(Beginning of Given material)
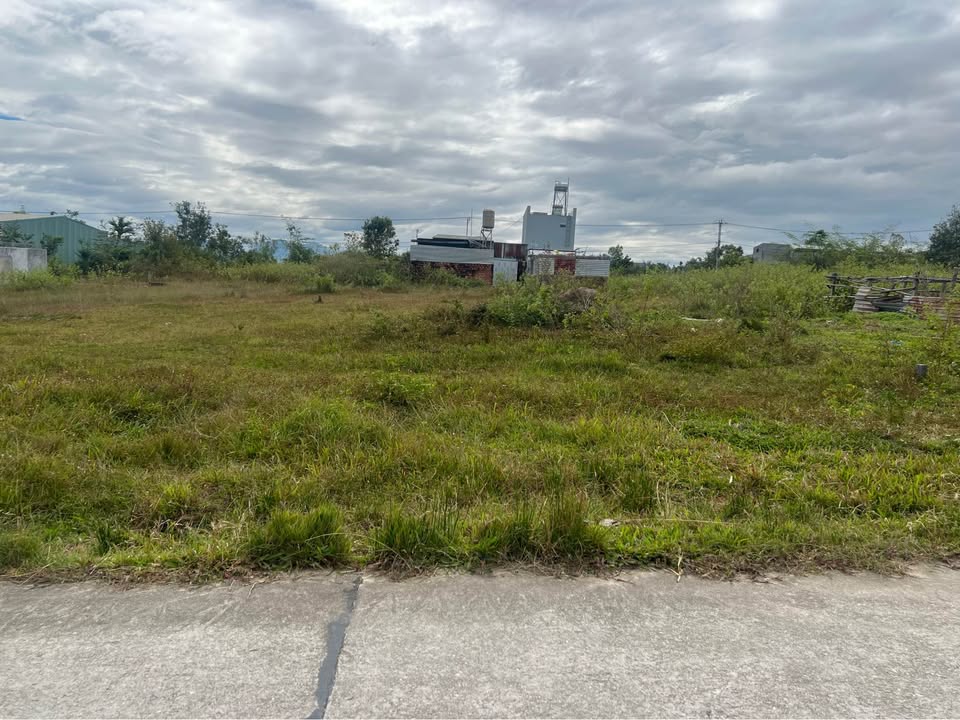 Đất thổ cư thôn 9 Đăk Cấm 500m² giá 1.3 tỷ - Đường bê tông rộng rãi!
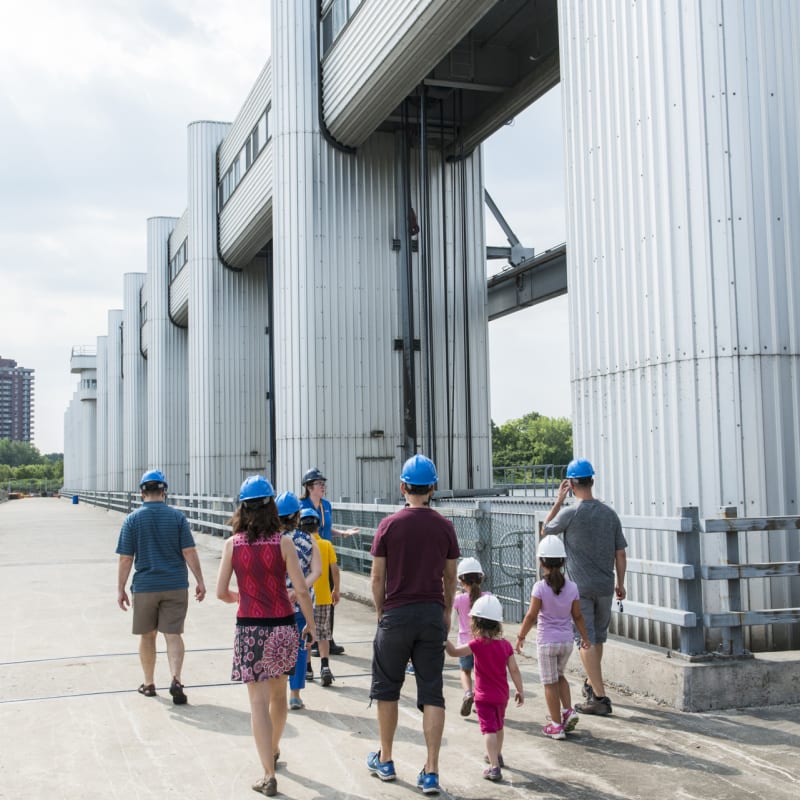 Famille en visite à une centrale hydroélectrique.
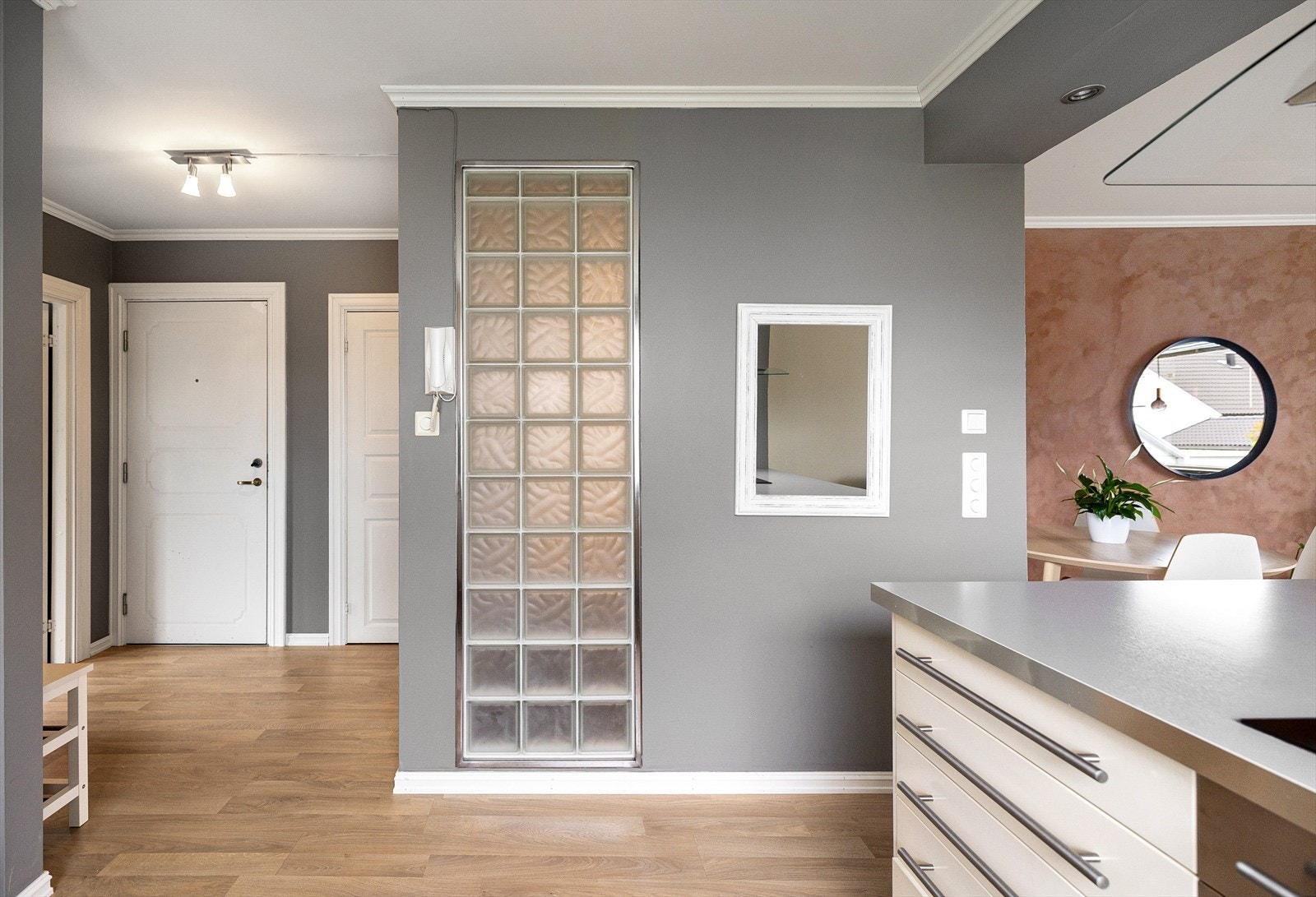 Glassbyggerstein gir fint lys inn på badet uten innsyn. Galleribilde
(End of Given material)
Write the lines above out again exactly, excluding every picture.

 Đất thổ cư thôn 9 Đăk Cấm 500m² giá 1.3 tỷ - Đường bê tông rộng rãi!
 Famille en visite à une centrale hydroélectrique.
 Glassbyggerstein gir fint lys inn på badet uten innsyn. Galleribilde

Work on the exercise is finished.